In 1954 they were called by brethren to come to Chicago. Although Chicago is not a new field, it has been, undoubtedly, one of the most difficult fields known to brethren. It is my opinion that it has been the "melting pot" of the church in this country. Modernism and premillennialism have flourished in this area. General indifference has characterized the large number of members who have moved into the area from the Southland. To this large and needy field the Diestelkamps moved their family, and set their hands to the task that was before them. I speak personally, but frankly, when I say that I don't believe any man in recent years has done as much for the strengthening of the church in Chicago as has Bro. Diestelkamp. As concerning his work in the Wisconsin area, Bro. Monroe Hawley states:

"Probably Leslie Diestelkamp, now of Chicago, has done more to help the church in Wisconsin than any other man in recent years as he has worked in one capacity or another with most of the Wisconsin churches." (Harvest Field, 1958 Ed., p. 40.)

Early this year the "call" came ringing from Nigeria, in west Africa. The need for mature men to preach the gospel and teach young native Christians was deeply impressed upon Bro. and Sis. Diestelkamp, and their decision to accept the challenge comes after much prayerful consideration.

The Thomas Blvd. church in Port Arthur, Texas (formerly known as the Sixth St.

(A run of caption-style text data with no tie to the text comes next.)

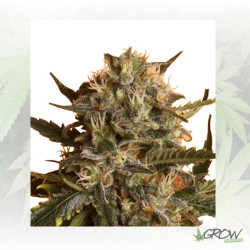 Royal Madre Royal Queen Seeds - 5 Seeds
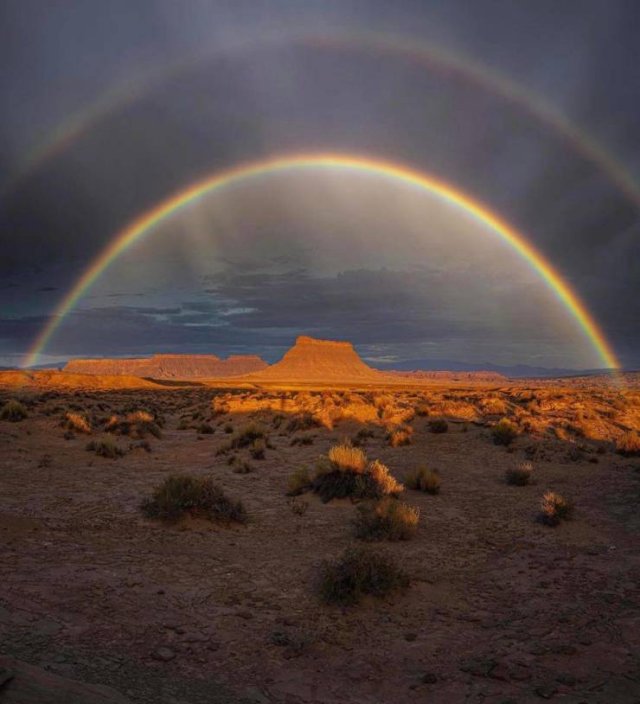 Awesome Pictures (56 pics)
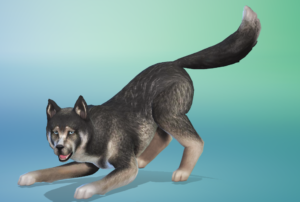 Project Simmy’s First Week Recap – Dogs, Cats, and more!
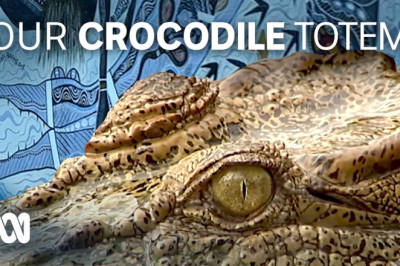Crocodiles in Kowanyama hold an important cultural place, despite being feared 🐊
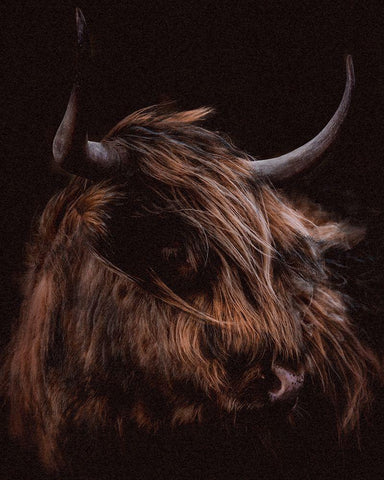 Moody Cow Black Ornate Wood Framed Art Print with Double Matting by Meneely, Dan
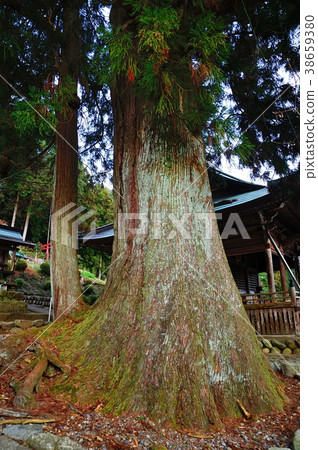 Hachioji Sugi 38659380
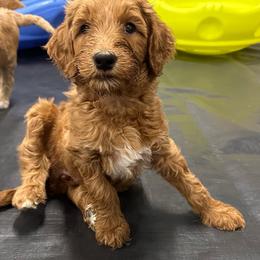 Athena-light blue - Red  female Goldendoodle puppy in Chino Valley, Arizona from Whiskey Row Royals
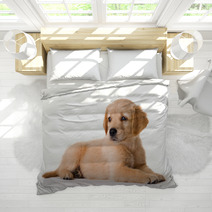 Puppy Bedding 1123882
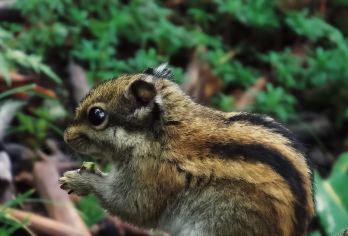 香格里拉普达措国家公园+纳帕海+松赞林寺一日游包车【纯玩包车自由行 以上包车是一辆车的 请知晓】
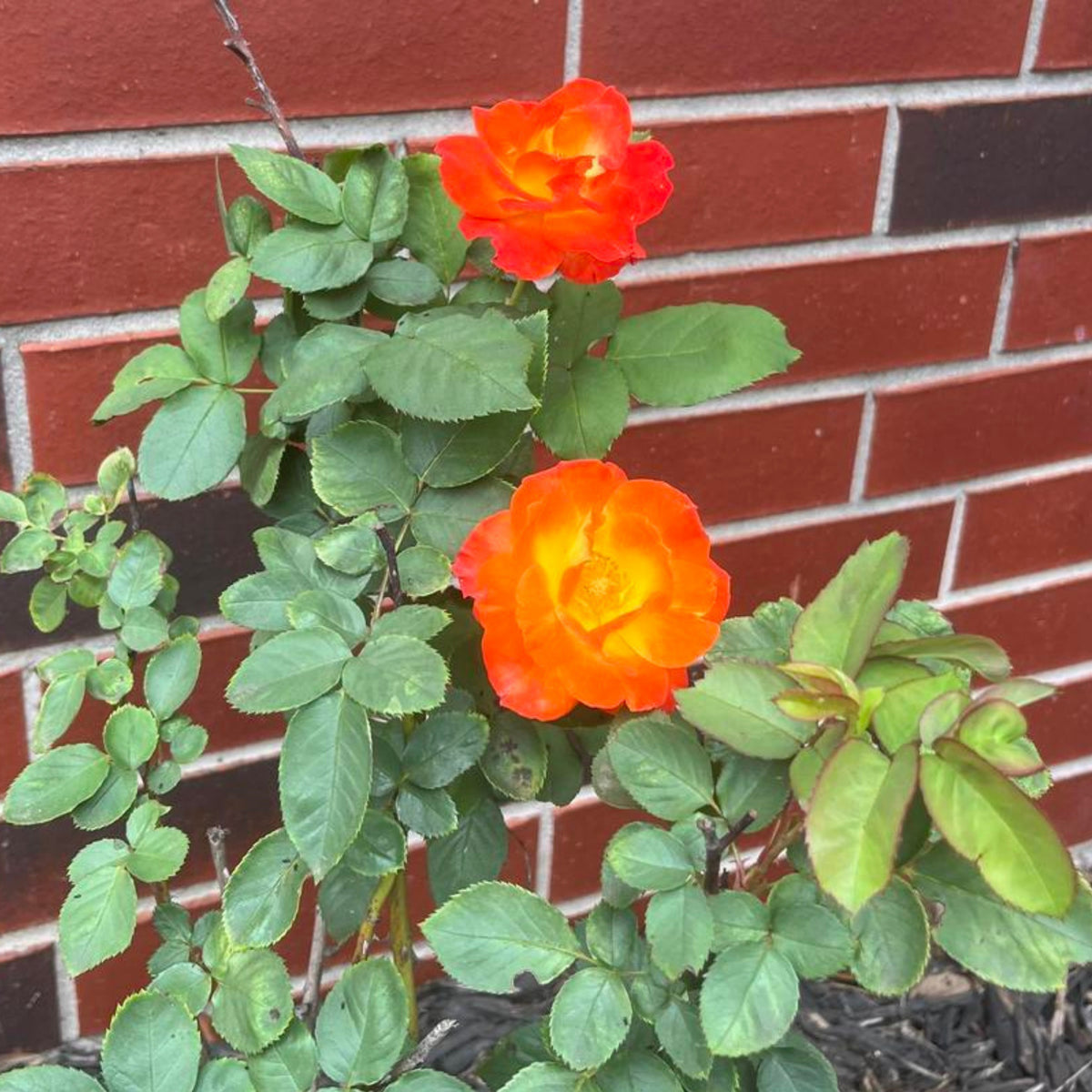 Climbing Joseph's Coat Rose Bush Flower Seeds, 30 seeds
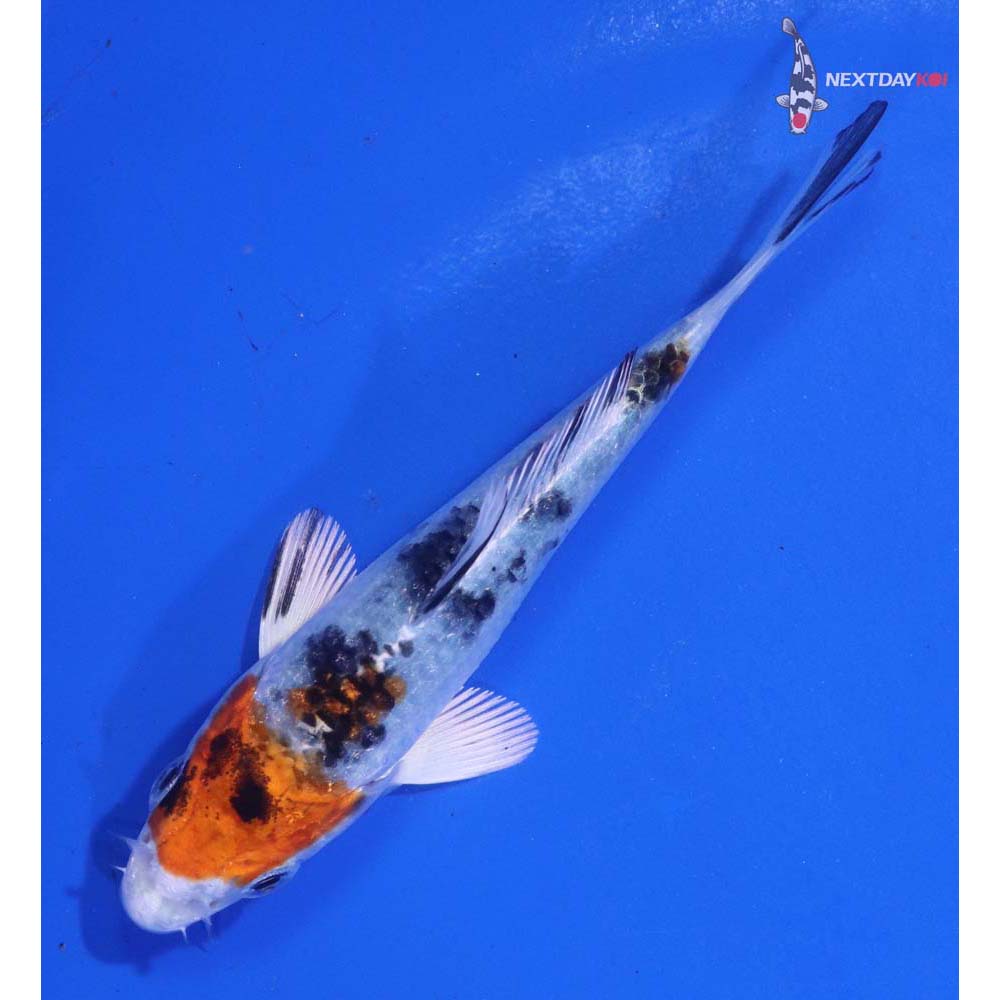 4” Imported Yamato Nishiki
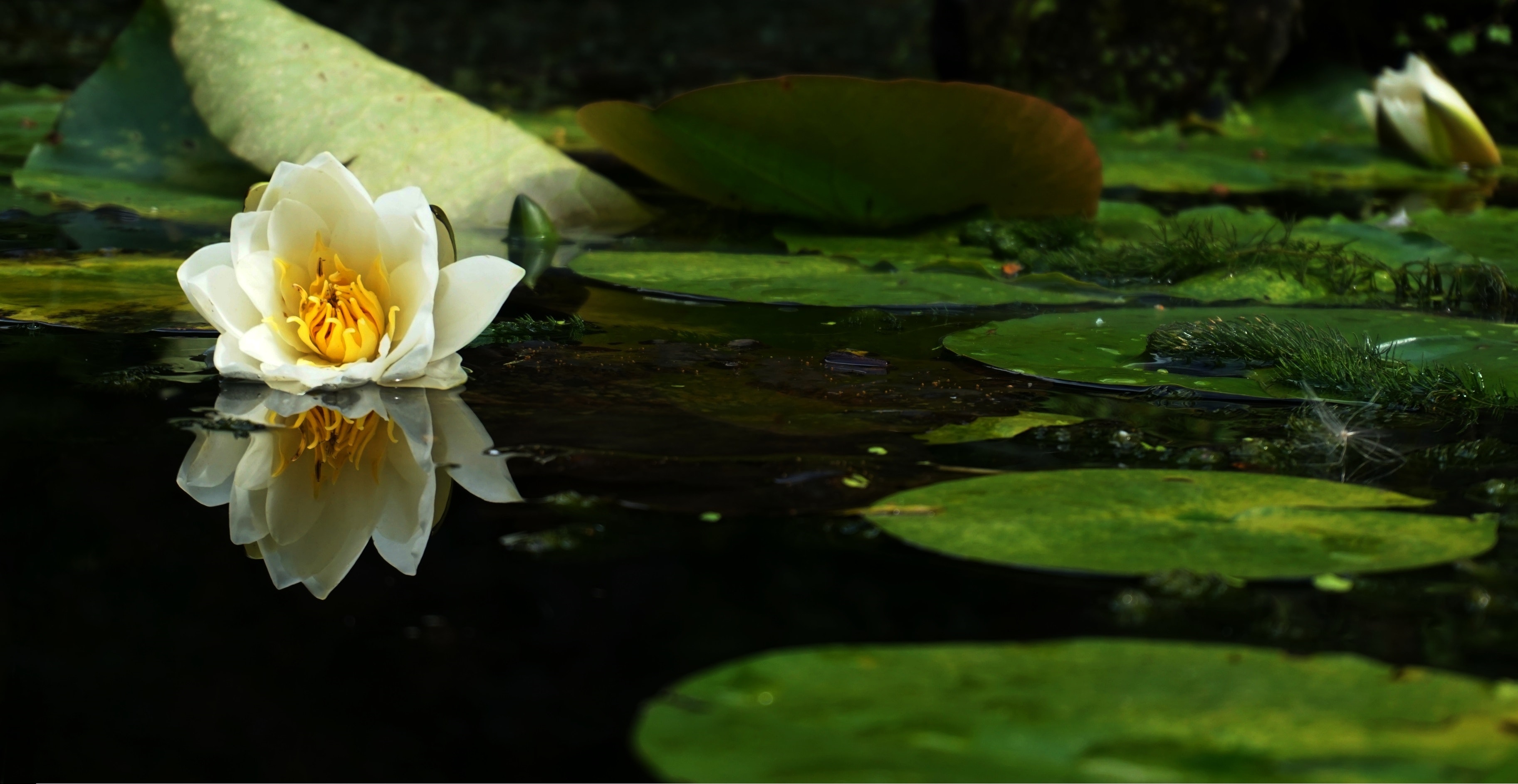 Pond Wallpapers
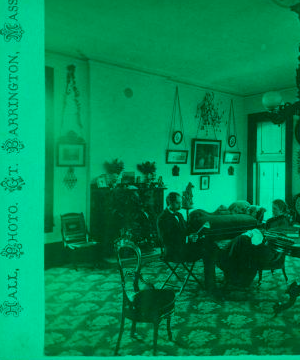 [Mr. & Mrs. Marcus H. Rogers in their parlor on the 2nd floor of the "Berkshire Courier" building, furniture, light fixtures, layout of rooms visible.] 1865?-1905?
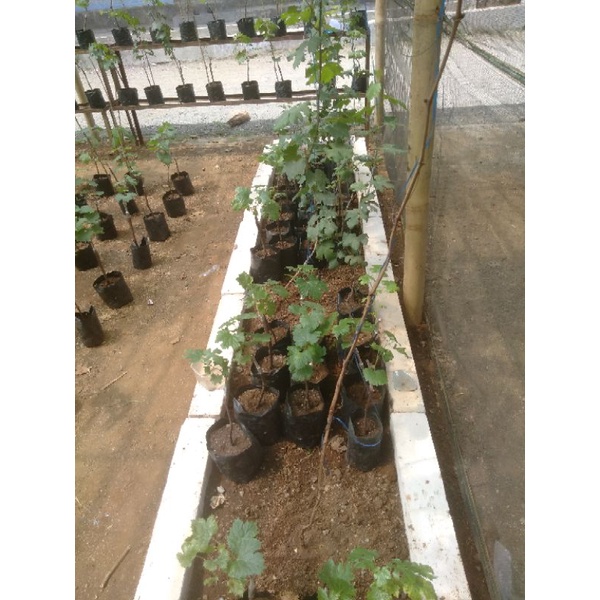 

Bibit anggur import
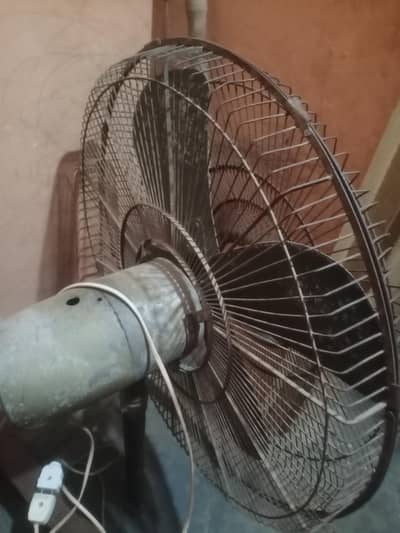 fans farshi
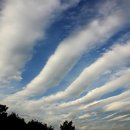 신한아그로 이미지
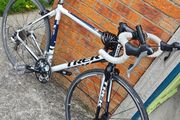 Trek Road Bike
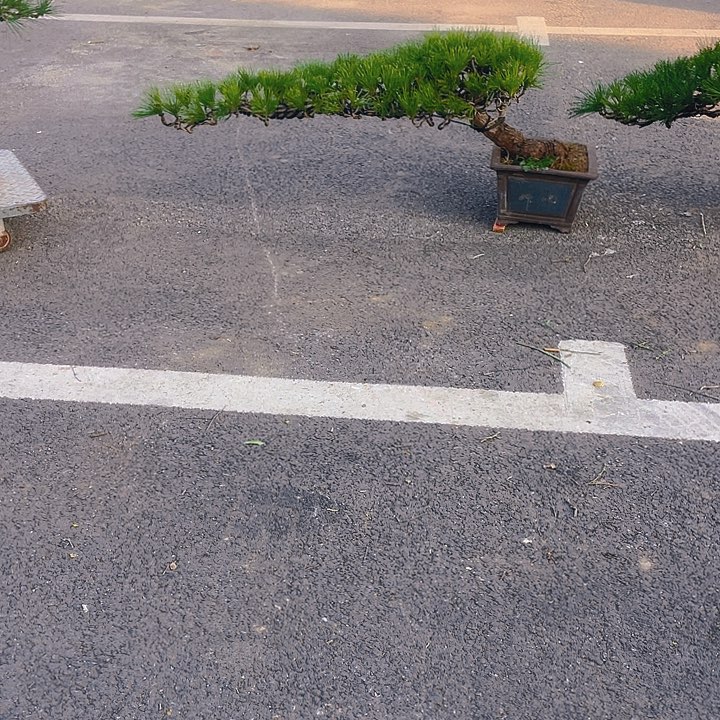 完全开放老桩临水黑松盆景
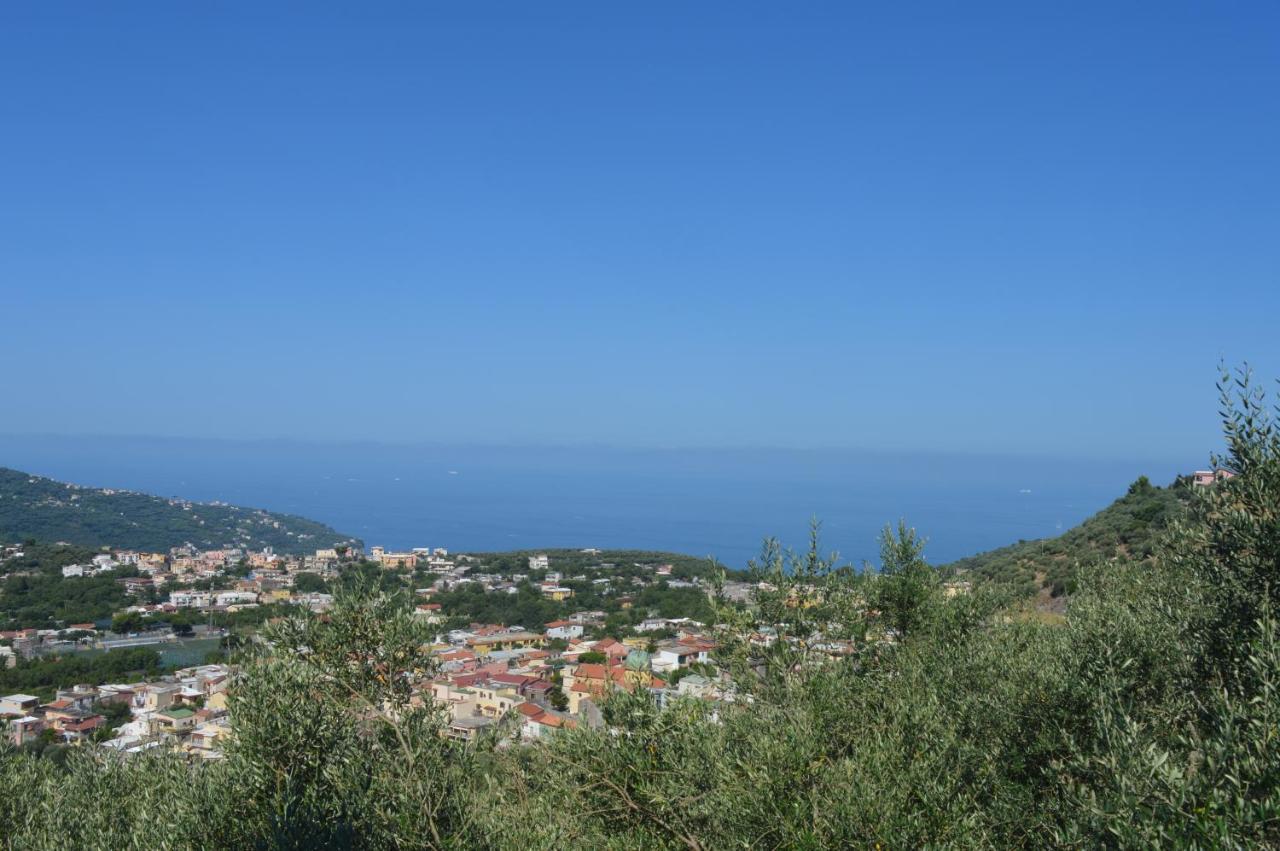 Holiday home La Petra
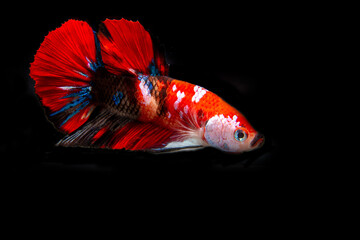 Siamese betta fish is the national fish of Thailand, its distinguishing feature is its beautiful...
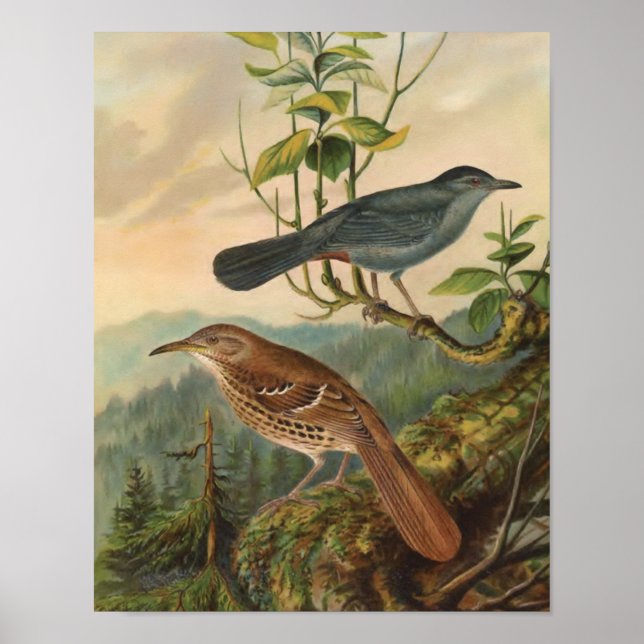 Mockingbird och Brown Thrasher Poster (Framsidan)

Church), has agreed to support them in this work when they leave next summer.

BUT YOU CAN HELP. Bro. Diestelkamp has the difficult task of raising a travel fund before him. It will take considerable money to travel to and from Nigeria. YOU can make contributions direct to Bro. Diestelkamp. All contributions will be acknowledged and a full financial accounting will be sent to every contributor. I plead with faithful brethren to rally to the support of this worthy undertaking. Send your contributions to Leslie Diestelkamp, 2331 S. Lombard, Cicero 50, Illinois.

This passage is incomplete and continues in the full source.